## WHAT YOU ARE ASKED TO DO
Leave the pictures out. Return the rest of the listing below exactly.

## GIVEN MATERIAL
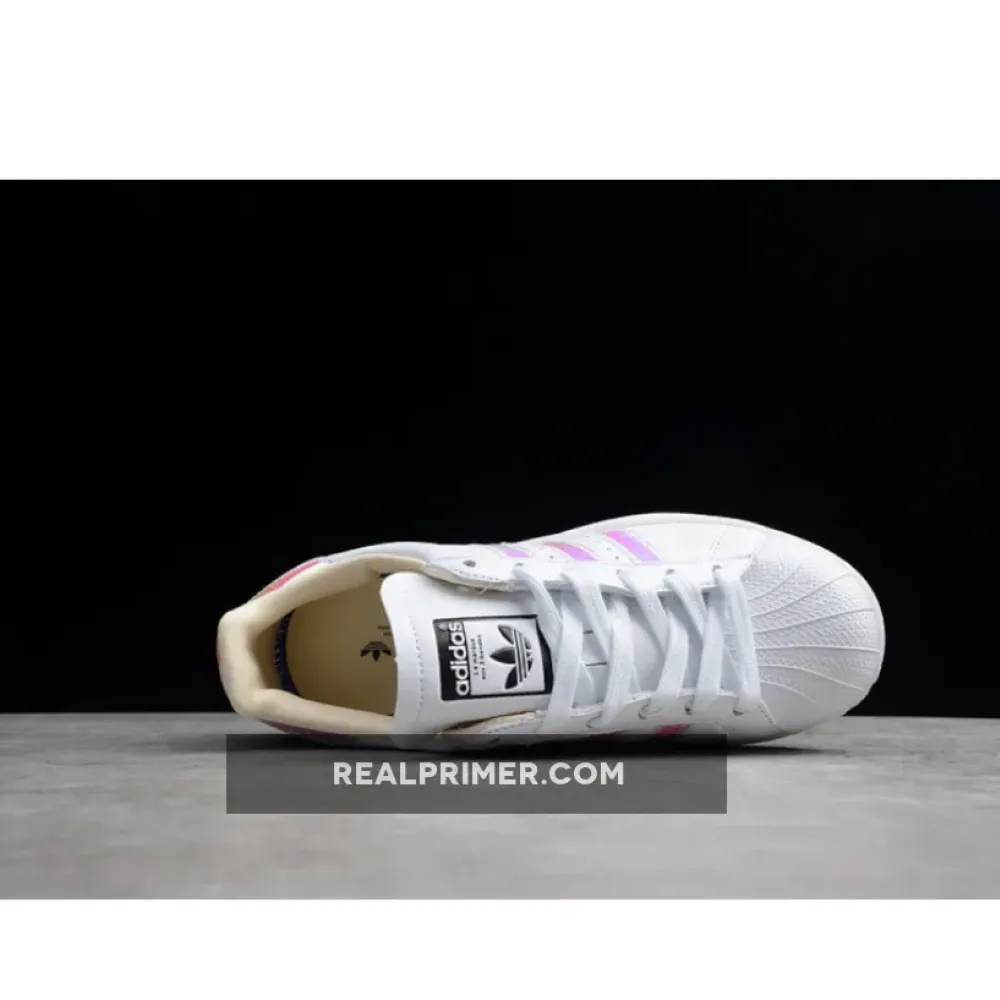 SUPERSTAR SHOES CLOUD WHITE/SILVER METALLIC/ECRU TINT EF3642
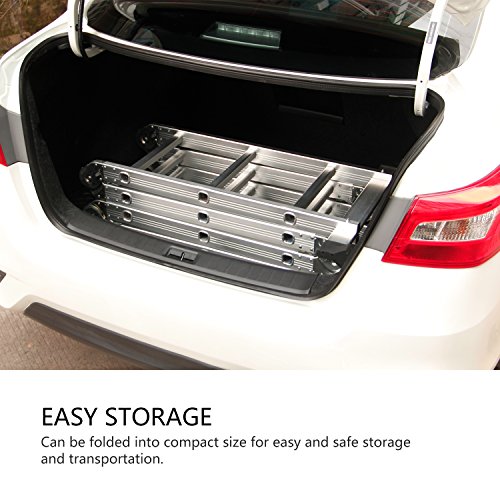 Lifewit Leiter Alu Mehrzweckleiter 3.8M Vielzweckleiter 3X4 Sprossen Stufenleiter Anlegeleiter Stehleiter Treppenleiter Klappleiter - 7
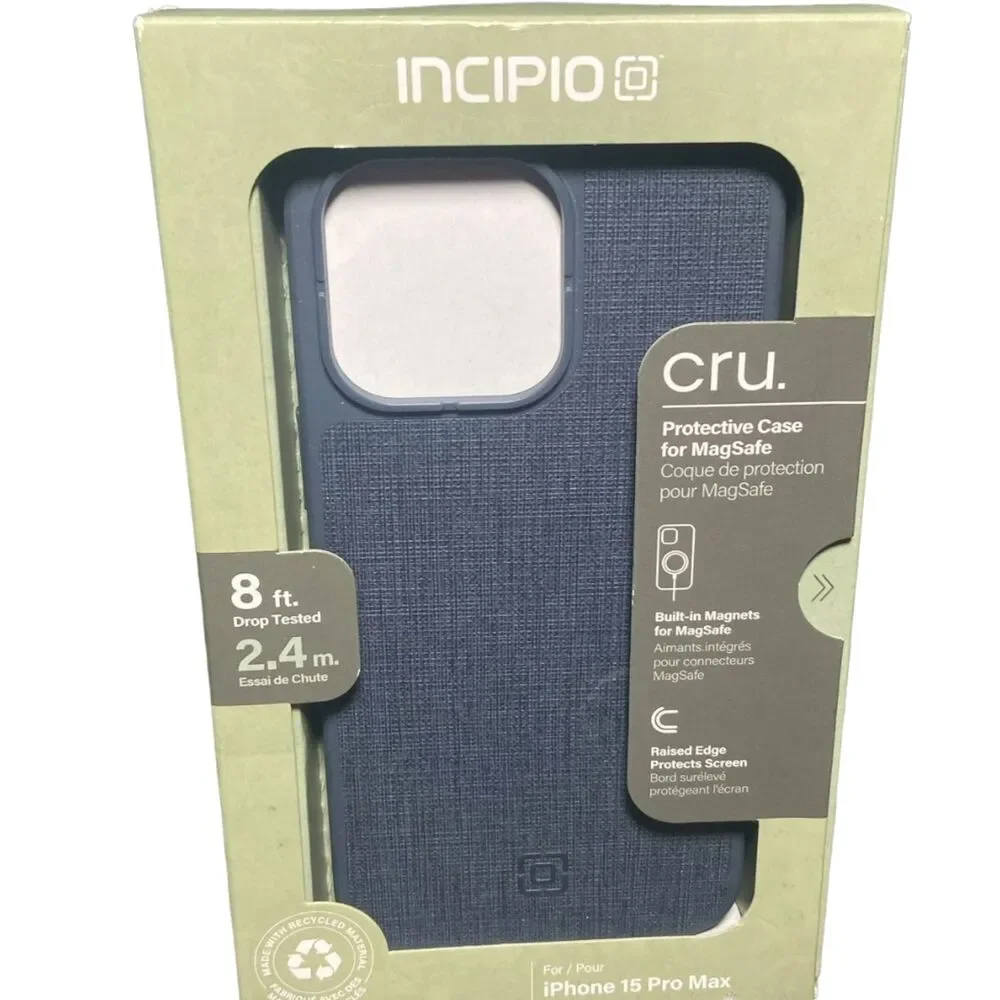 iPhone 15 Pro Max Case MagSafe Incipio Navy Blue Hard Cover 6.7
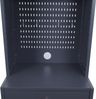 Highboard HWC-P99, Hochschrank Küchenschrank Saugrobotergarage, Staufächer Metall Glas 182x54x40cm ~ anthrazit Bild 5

## ANSWER BOX
 SUPERSTAR SHOES CLOUD WHITE/SILVER METALLIC/ECRU TINT EF3642
 Lifewit Leiter Alu Mehrzweckleiter 3.8M Vielzweckleiter 3X4 Sprossen Stufenleiter Anlegeleiter Stehleiter Treppenleiter Klappleiter - 7
 iPhone 15 Pro Max Case MagSafe Incipio Navy Blue Hard Cover 6.7
 Highboard HWC-P99, Hochschrank Küchenschrank Saugrobotergarage, Staufächer Metall Glas 182x54x40cm ~ anthrazit Bild 5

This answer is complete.